Internally use StaticArray for performance.

ysbaddaden · 2016-06-13T18:20:25Z

Is it cross OS? Since it involves ASM, I guess it is. I understand it detects and runs on x86 CPUs, but what about other ones, like ARM or MIPS archs? And what about 32bits?

It could be nice to have, but maybe premature for per feature optimisations in the core/stdlib. Also well have to maintain it, and it may make it more complex to introduce new architectures. Of course great optimisations could help to integrate it nonetheless. We'll need input from @waj and @asterite here.

Nax · 2016-06-13T18:43:55Z

It is cross OS indeed, and should work fine on both x86 and x86_64. For ARM and MIPS, this won't compile. On these archs, we should probably throw an exception when cpuid is called, and report the CPU as unknown with no features.

I don't think this would make new archs more complex to adopt if we do that. I'm gonna add checks to make it compile on non-x86 archs.

jhass · 2016-06-15T23:39:09Z

Filepath should be src/system/cpu.cr now, else looks good to me, probably should have a second good to go from @crystal-lang/crystallers

Nax · 2016-08-05T12:50:26Z

Any news on this?

asterite · 2016-08-05T13:31:09Z

@Nax To merge this we'll need a real, concrete use case

RX14 · 2016-08-05T16:07:15Z

Please do release a shard for this though! I think it can be useful, possibly in a future simd library.

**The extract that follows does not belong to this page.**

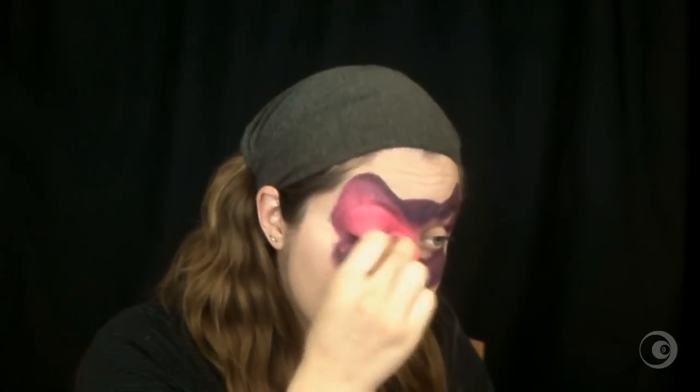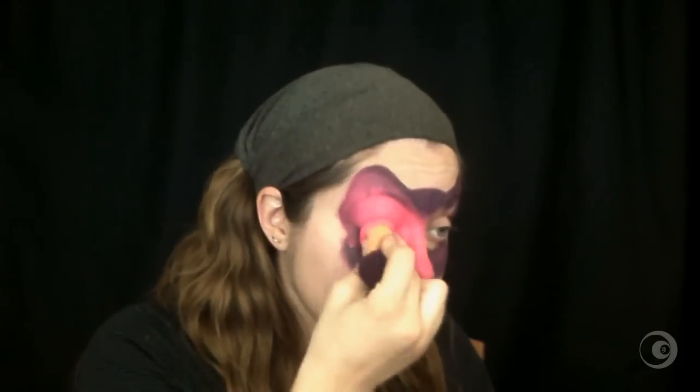Step two. Still with your sponge, we're gonna lighten up the makeup with a bright neon pink. If you don't have neon color in your set, simply replace it by a regular pink. It will be very nice too.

HertzDevil · 2024-02-09T20:14:15Z

For the few people who are looking for this, LLVM itself provides some of the functionality here, although you probably need to dig into its source code to parse those feature names:

require "llvm"

# target_machine.cr
lib LibLLVM
  fun get_host_cpu_features = LLVMGetHostCPUFeatures : Char*
end

LLVM.init_aarch64 # or `init_x86` etc.
features = LLVM.string_and_dispose(LibLLVM.get_host_cpu_features)
features.split(',') # => ["+fp-armv8", "+lse", "+neon", "+crc", "+crypto"]

My guess is LLVM needs this information for -march=native.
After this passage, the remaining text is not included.